Equilibrium occurs when the rate of reactants converting to products is equivalent to the rate of products converting to reactants.
For reactions in equilibrium, we're going to write the equation with a ↔ instead of a `rArr` in order to reflect that the reactants and products are continuously converting back and forth.
There are still reactions that react to completion, however. For these reactions, we'll continue using `rArr` in order to denote that the reaction is going to completion. For example, the dissociation of a strong acid is always to completion:
`HBr rArr H^+ + Cl^-`
This doesn't mean that the reaction isn't in equilibrium - just that the equilibrium position involves just the product. We'll explore this in the next post.

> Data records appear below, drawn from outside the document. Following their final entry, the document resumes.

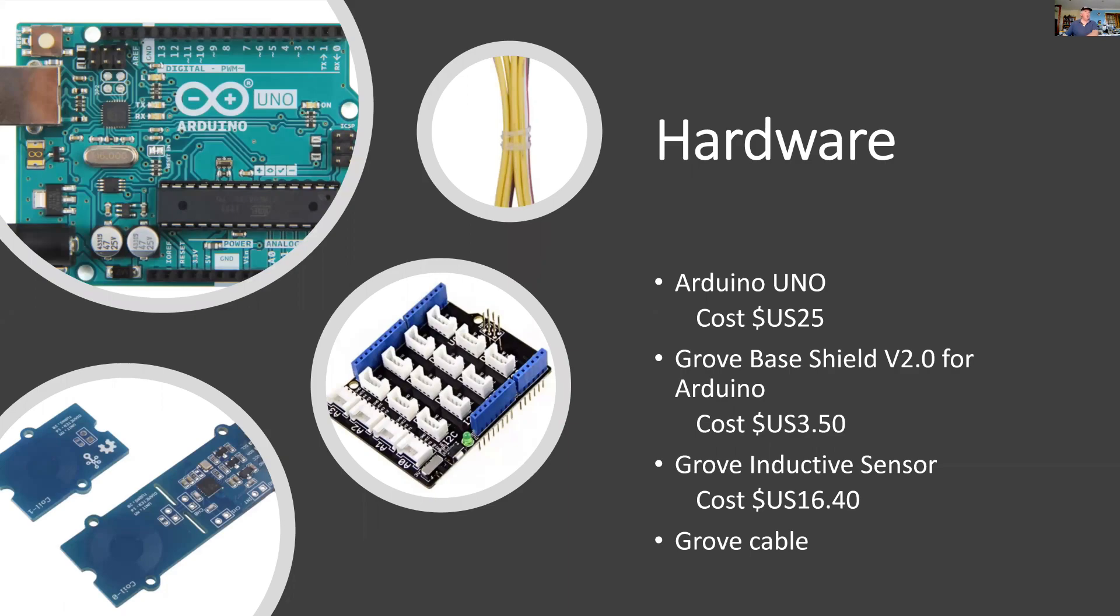For the hardware, I'm going to use a small computer—the Arduino UNO—and on top of that, I'm going to put a Grove base shield and use a Grove connection to the Grove inductive sensor.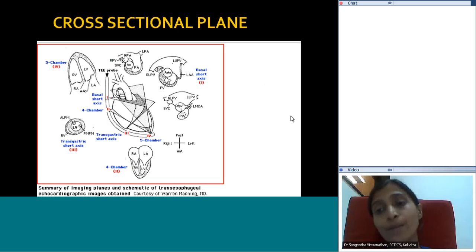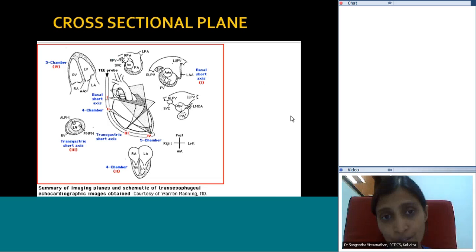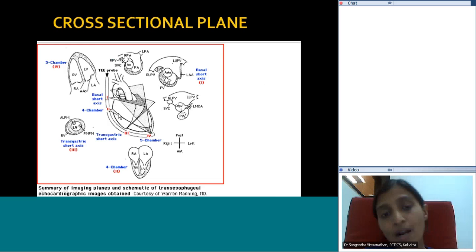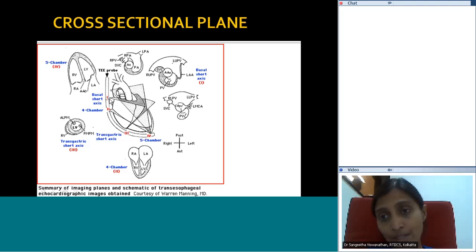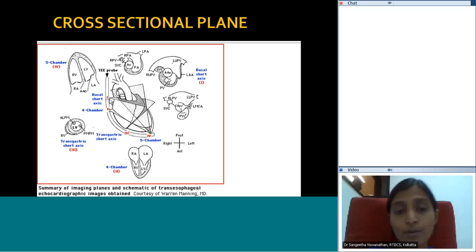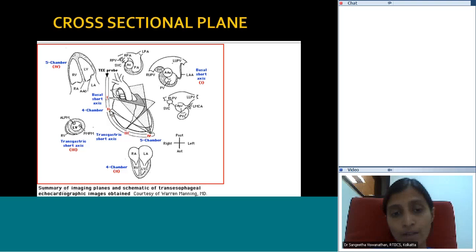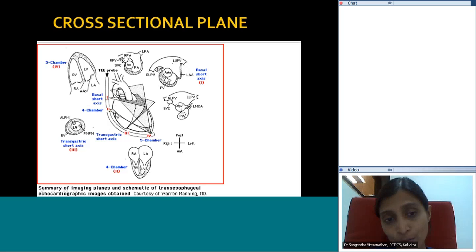Now we look at a diagrammatic view of the transducer plane cuts at various levels and imaging degrees. At zero degrees at the mid-esophageal level — the mid-esophageal four-chamber view — the apex of the sector shows the atria and the base shows the ventricles, giving a four-chamber image.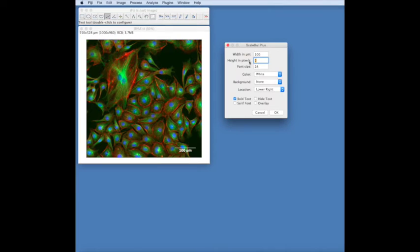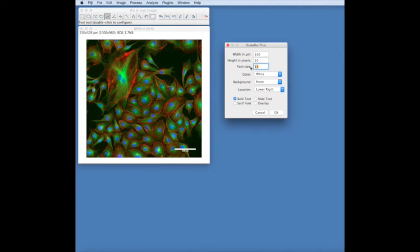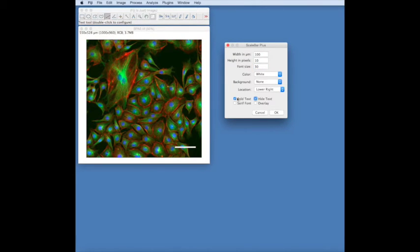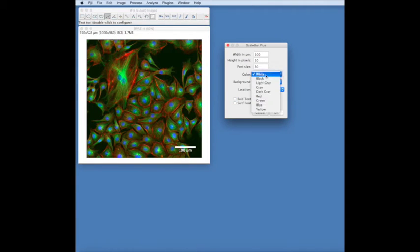We can modify the font size, we can hide the font so we can just see the scale bar, we can make the font bold or not, change the colour.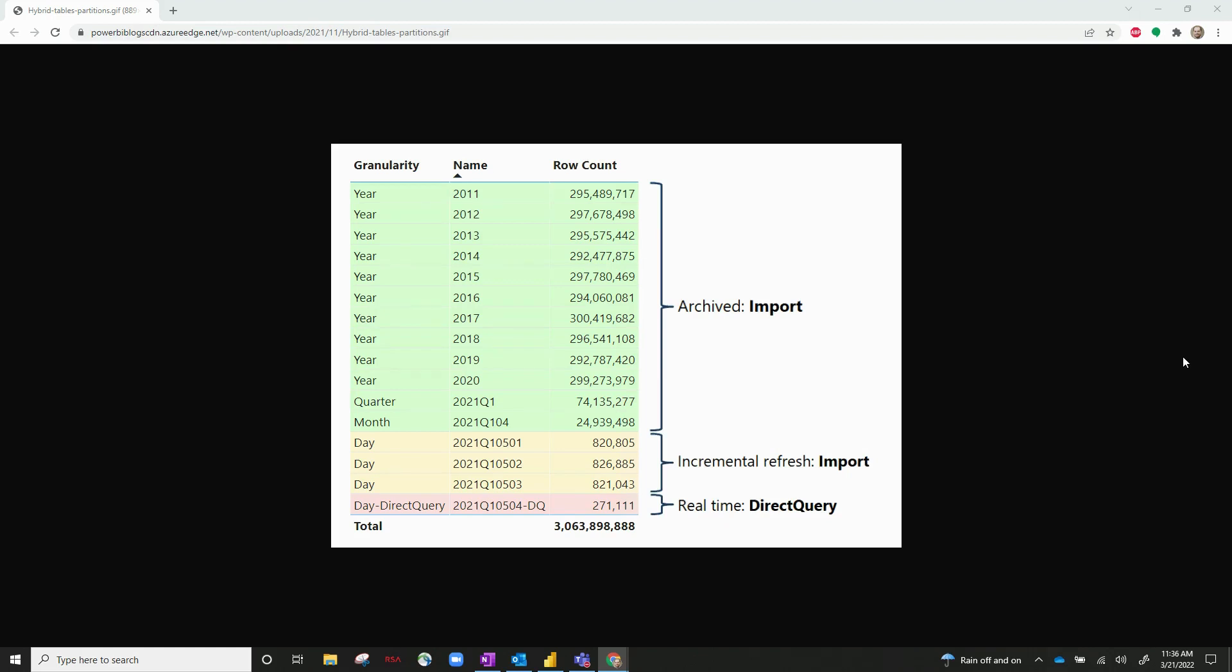Hello everyone! Today I'm going to take you through an example of how to use hybrid tables and how they can benefit you.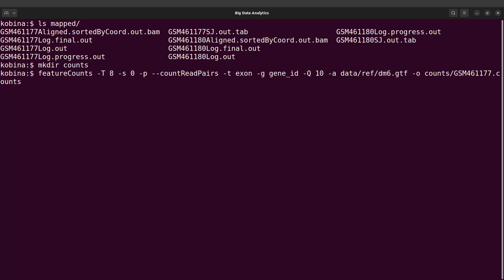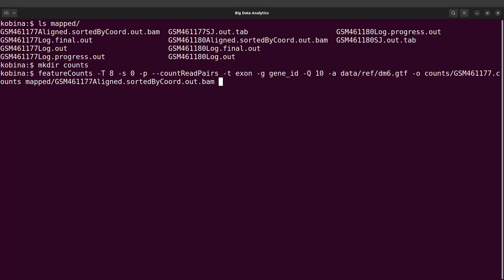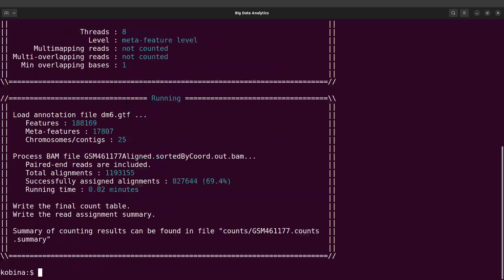Now we also need to specify the BAM file. The BAM file we need to specify should be here. So we specify mapped/ and the BAM file. Now we will run featureCounts.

1. Chemical equations usually don't involve reactions going to completion. The products will react to form reactants the same way that reactions react to form the products.

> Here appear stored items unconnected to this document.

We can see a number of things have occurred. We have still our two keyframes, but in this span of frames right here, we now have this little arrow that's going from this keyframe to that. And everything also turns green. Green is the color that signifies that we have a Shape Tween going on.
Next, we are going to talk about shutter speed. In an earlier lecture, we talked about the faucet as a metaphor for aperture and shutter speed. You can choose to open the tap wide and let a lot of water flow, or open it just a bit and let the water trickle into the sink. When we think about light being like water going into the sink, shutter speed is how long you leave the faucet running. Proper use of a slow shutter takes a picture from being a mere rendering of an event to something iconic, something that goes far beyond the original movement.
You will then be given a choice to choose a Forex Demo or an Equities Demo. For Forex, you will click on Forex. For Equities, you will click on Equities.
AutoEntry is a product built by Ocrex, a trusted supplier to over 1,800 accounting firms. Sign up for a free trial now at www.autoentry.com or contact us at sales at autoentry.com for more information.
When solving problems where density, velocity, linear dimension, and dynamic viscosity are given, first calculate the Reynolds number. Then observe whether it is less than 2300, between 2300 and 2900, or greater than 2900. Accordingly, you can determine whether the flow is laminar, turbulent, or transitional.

2. The equilibrium position is defined as the position in which the rates of reactants to products and products to reactants is equal.
3. At equilibrium, there is no visible change.

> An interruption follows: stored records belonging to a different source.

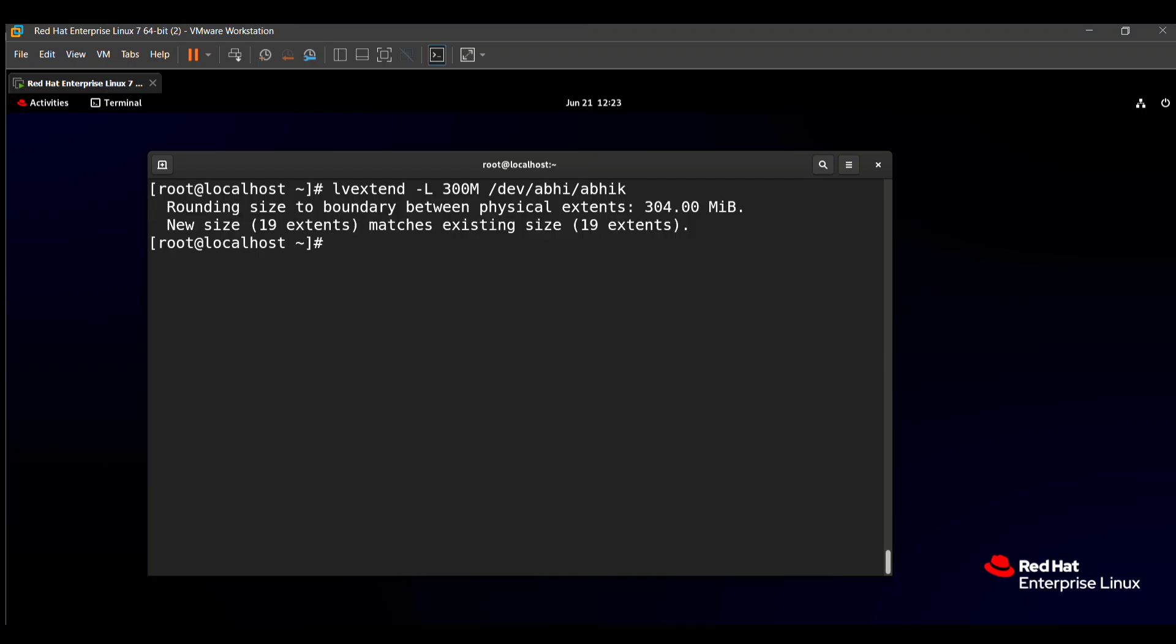Rounding size to boundary between physical extents. New size is 19 extents matching existing size. That means our logical volume is successfully extended into 300MB.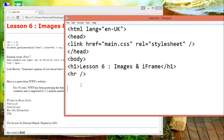To display images in your web document, you need to use the image tag. The image tag is empty — it contains attributes only. You can close it simply by adding a slash.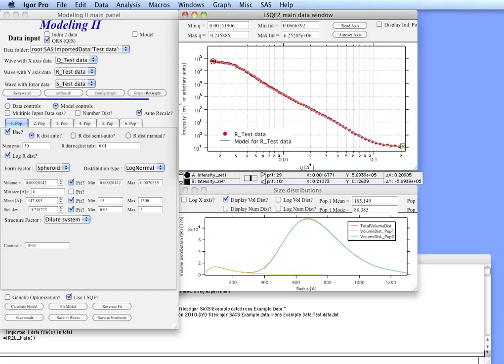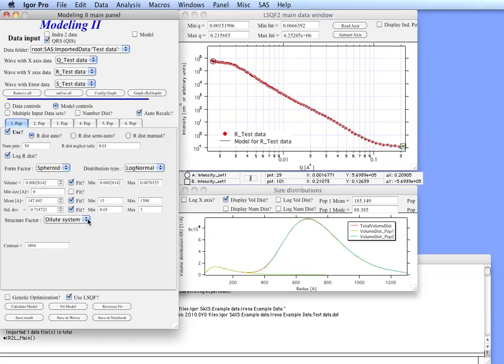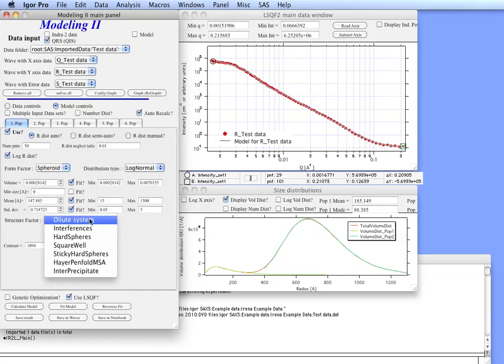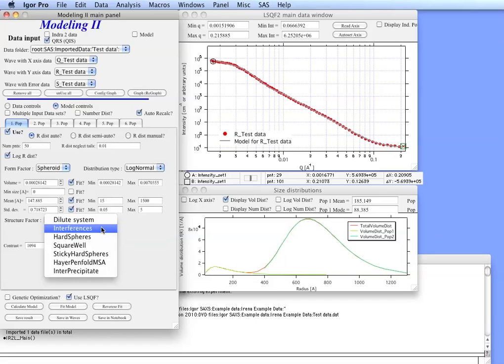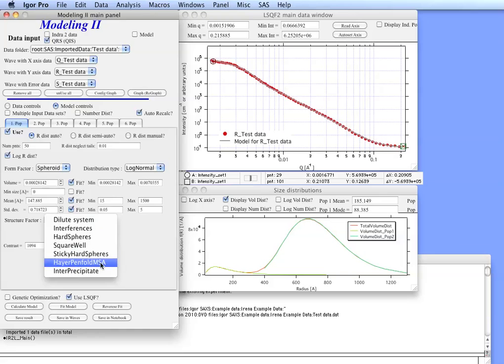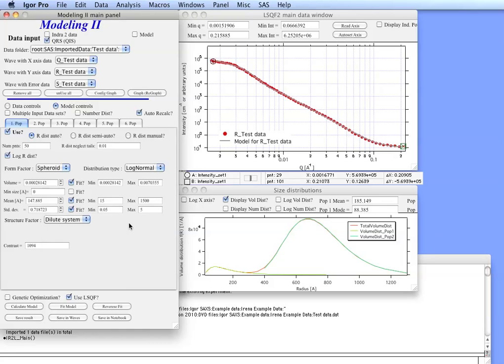The reason for that is really that these data here are influenced by interparticle interference, which is something we haven't tried to model because we used the simple system. You could in principle select here one of the interparticle interference parameters which are available and see if you can improve the fit. But realistically this is a compressed powder and the interference is going to be probably quite complicated. So there may not be a really good model for these things here anyway.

4. The ↔ denotes a reaction at equilibrium. `rArr` denotes a reaction going to completion.
1. LA Smog and air quality
LA is well known for having poor air quality. In many pictures, the air is a noticeably brown/grey. In fact, anywhere where the air quality is poor, the air looks distinctly brown. Why is that?
It turns out that the culprit is the following reaction:
`N_2O_(4(g)) ↔ 2NO_(2(g))`
`N_2O_(4(g))` is a colorless gas whereas `NO_(2(g))` is a very dark red gas. The reason that the air in LA is brown is because of the equilibrium position of this reaction. The air isn't fully clear because there is some `NO_(2(g))`, but not fully dark red because of the `N_2O_(4(g))`.
Interestingly enough, it turns out that the equilibrium can shift more towards `NO_(2(g))` at sufficient temperatures. This means that, as the temperature increases, the air becomes browner. We haven't gone over how the equilibrium position can change yet, but this is just something to keep in mind.